Exercise objective:
Going through the material below, output exactly the lines from the one containing "set of anniversary" through the one containing "Long-sleeve Top in Printed Marl Mesh", and no pictures.

Supplied records:
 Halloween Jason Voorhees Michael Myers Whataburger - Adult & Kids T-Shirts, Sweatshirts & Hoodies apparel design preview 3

---

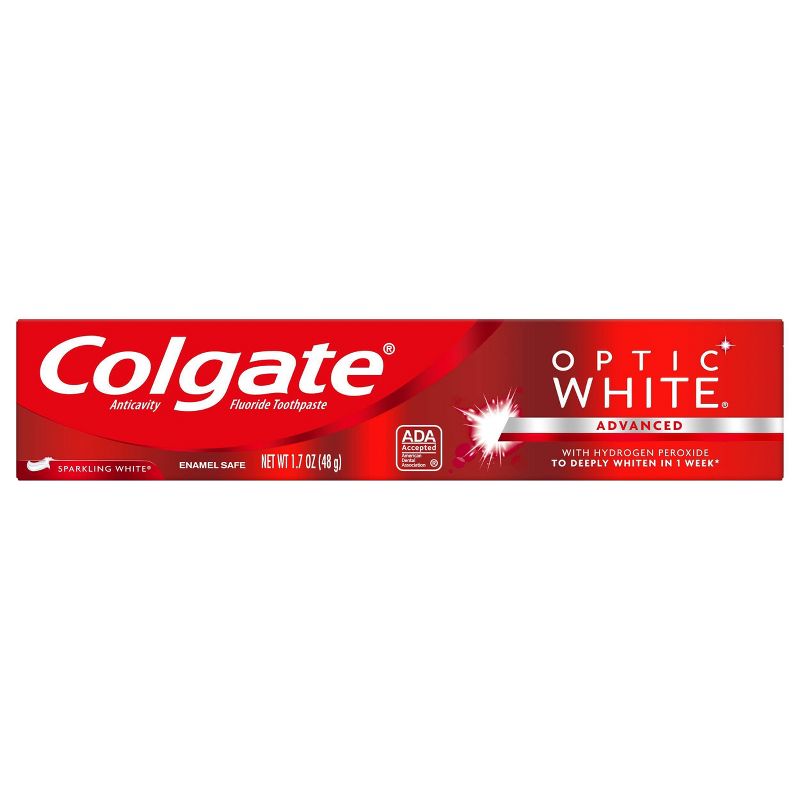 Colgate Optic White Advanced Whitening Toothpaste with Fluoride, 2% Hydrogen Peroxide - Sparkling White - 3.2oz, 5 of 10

...

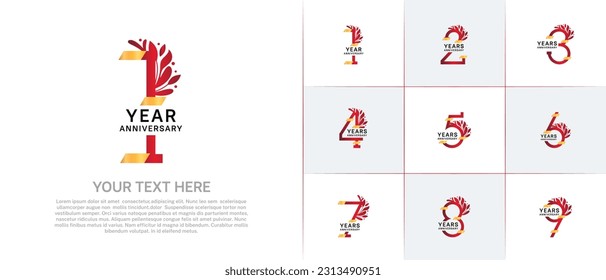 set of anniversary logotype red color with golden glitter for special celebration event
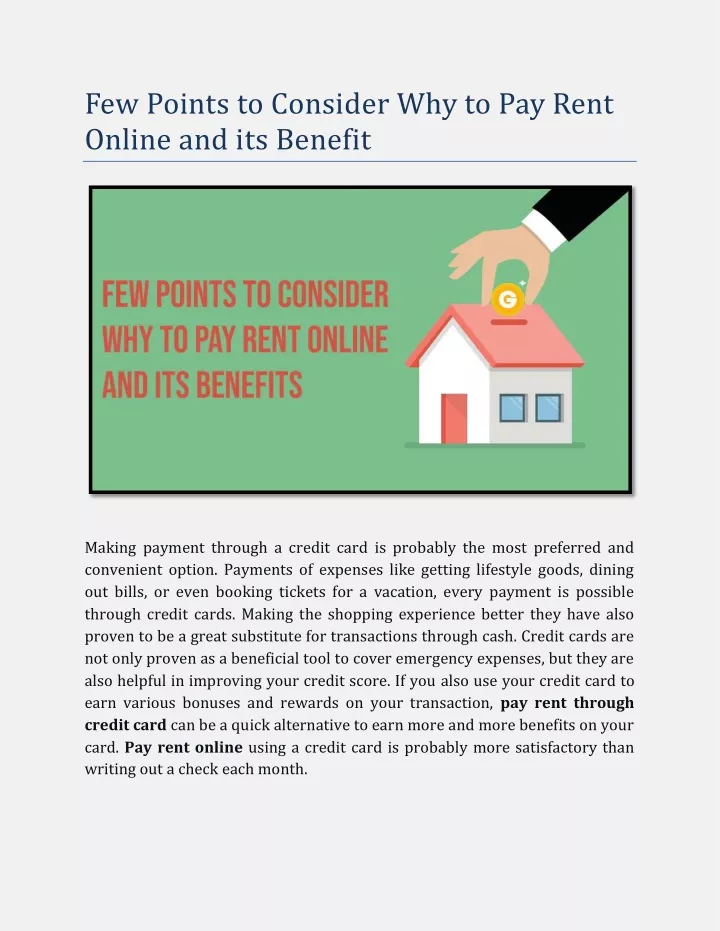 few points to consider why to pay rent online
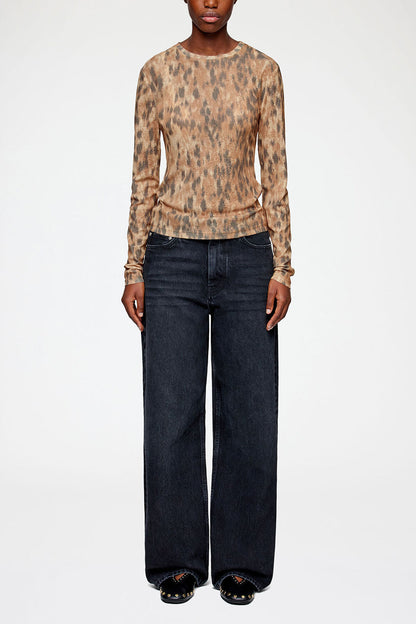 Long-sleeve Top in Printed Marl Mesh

Output of the exercise:
 set of anniversary logotype red color with golden glitter for special celebration event
 few points to consider why to pay rent online
 Long-sleeve Top in Printed Marl Mesh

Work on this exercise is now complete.